Casa Rossa Chemnitz
bodensteiner fest
Charme der Gründerzeit
Jahrhundertwende und moderne Standards gehen eine zukunftsweisende Allianz ein. Im freigelegten Backsteinkleid sind nach einer respektvollen Sanierung großzügige Wohneinheiten entstanden.
Fast 30 Jahre stand das Gründerzeitgebäude Gießerstraße 41 leer. Während die Umgebung nach und nach saniert wurde und sich der Chemnitzer Sonnenberg zum beliebten Quartier entwickelte, wurde das Dach undicht, die Holzdecken brachen ein und der Farn wuchs im Gebäude. Die Anstrengungen der Stadt Chemnitz, das in privatem Besitz befindliche Gebäude wiederzubeleben, verliefen jahrelang im Sande. Erst die Zwangsversteigerung ermöglichte die Rettung des Gebäudes, kurz bevor es dafür zu spät war. Aufgrund des maroden Zustands war es zunächst erforderlich, die Standsicherheit wiederherzustellen und die Bausubstanz zu sichern. Die alten Holzdecken wurden schachbrettartig raumweise gegen Ziegel-Einhangdecken ausgetauscht, das Dach gegen Einsturz gesichert. Im Zuge des Deckenaustauschs wurden die früheren, vom Zwischenpodest des Treppenhauses zugänglichen Toiletten den Bädern der Wohnungen zugeordnet und ihre Decken auf das Niveau der Wohnungen angehoben. Liegt man nun in der hier eingelassenen Badewanne, geht der Blick durch ein raumhohes Fenster in die Baumkrone des Ahorns im Garten.
Im Kontrast zu den minimalistischen neuen Elementen wurden die Ziegelwände des Treppenhauses sowie Wände ausgewählter Bereiche in den Wohnungen behutsam vom Putz befreit, mit recycelten Originalziegeln ergänzt und hell lasiert.

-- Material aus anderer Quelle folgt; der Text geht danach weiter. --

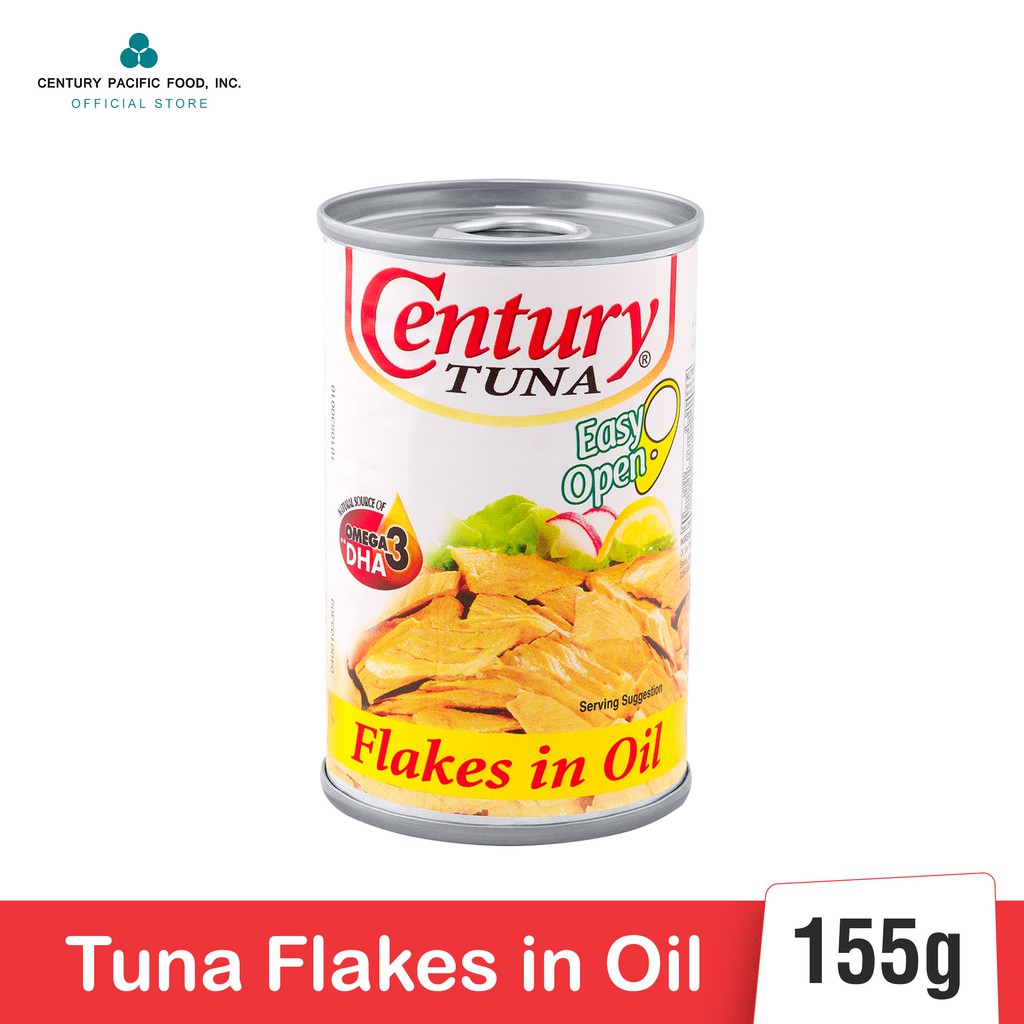Century Tuna Flakes in Oil 155g Shopee Philippines
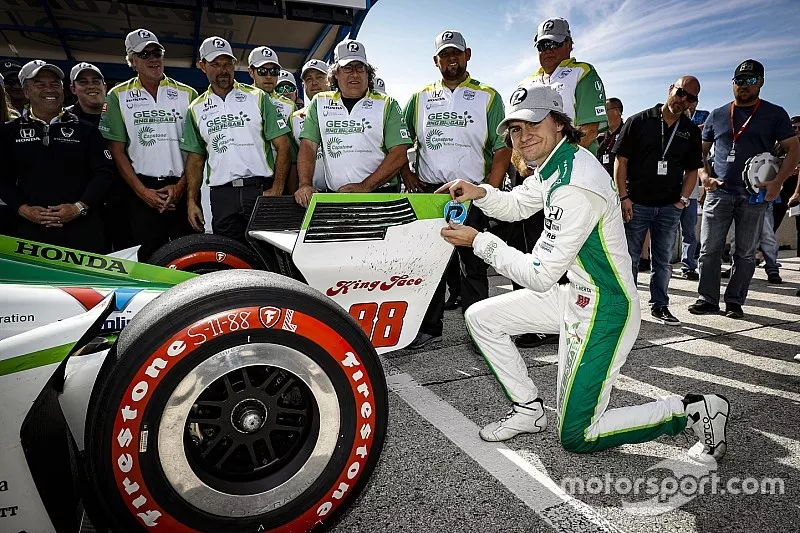 كولتون هيرتا، صاحب قطب الانطلاق الأوّل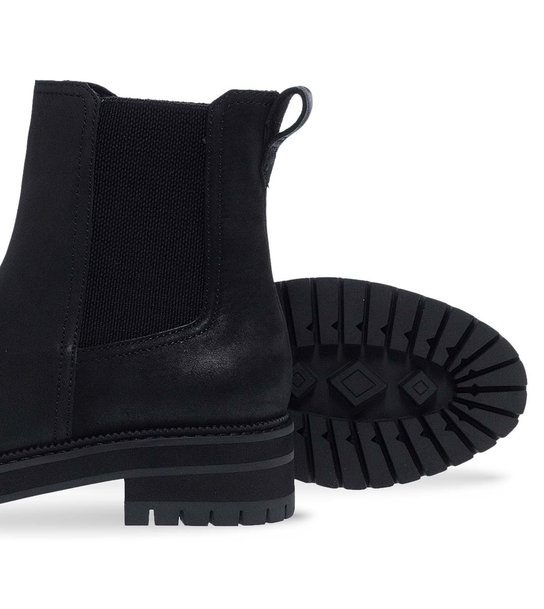 Womens Leather Ankle Boots Toms 10021306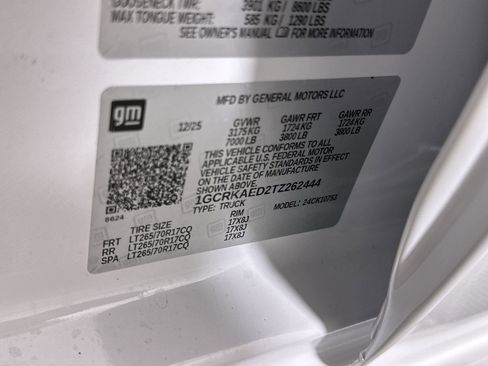 New 2026 Chevrolet Silverado 1500 W/T w/ WT Value Package image 69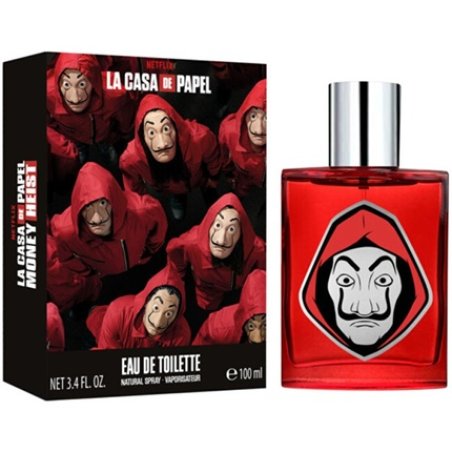 Ep Line La Casa De Papel - Eau De Toilette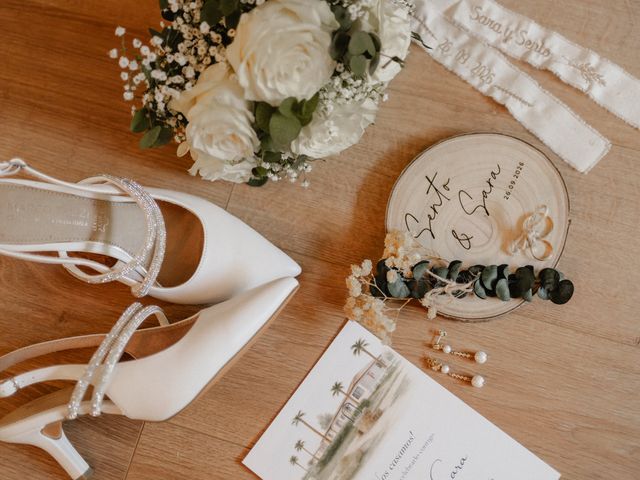La boda de Sento y Sara en Naquera, Valencia 5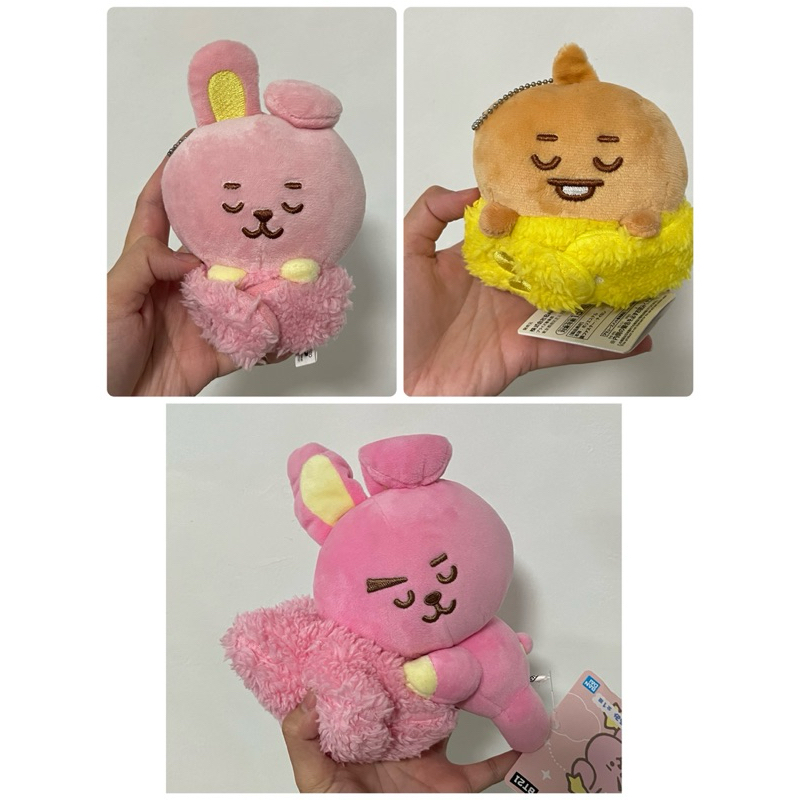 พร้อมส่ง ตุ๊กตา พกจ พวง บังทัน บีทีเอช BTS BT21 โมเดล Cooky Shooky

Dasselbe Prinzip bestimmt auch das Erscheinungsbild der Fassade: Akkurate Faschen verstecken die Fensterrahmen und fassen die schmalen Fensterflügel. Sie stehen im Kontrast zur ruppigen Ziegelfassade mit all ihren Unregelmäßigkeiten und den sichtbar belassenen Blessuren des zurückliegenden Jahrhunderts. Das Dach wurde komplett abgetragen und unter Wiederverwendung von Abbruchziegeln neu aufgebaut. Durch Aufklappen der hofseitigen Dachseite wurde zusätzlicher Wohnraum geschaffen, der sich auf eine großzügige Dachterrasse mit Schiebetüranlage orientiert.
Die Architekten interessierte, mit welchen einfachen Mitteln es m glich ist, die Bausubstanz weitestgehend beizubehalten oder wiederzuverwenden, ihre Qualitäten herauszuarbeiten und dennoch das Gebäude in die heutige Zeit zu versetzen. Die Einsparung grauer Energie/CO2 war dabei ebenso Leitgedanke, wie das Erhalten und Herausarbeiten der vorgefundenen baukulturellen Qualitäten. Die nachhaltigen Materialien Ziegel, Eiche, Schwarzstahl und Glas sind naturbelassen, geölt oder lasiert und bleiben in ihrer Materialität spürbar. Das mit Solarthermie unterstützte Energiekonzept sorgt – gemeinsam mit einer gut gedämmten Gebäudehülle – für eine ausgezeichnete Energiebilanz, die der eines Neubaus entspricht und den Standard KfW-Effizienzhaus 100 erreicht.
Unterteilbare Raumgrößen von bis zu 55 Quadratmetern und Original-Deckenhöhen von drei Metern bestimmen das Raumgefühl in den neuen Wohnungen. In Kombination mit den freigelegten Ziegeln entsteht ein transformiertes Gebäude, das vom Flair des Unperfekten gleichermaßen wie von der minimalistischen Ästhetik lebt.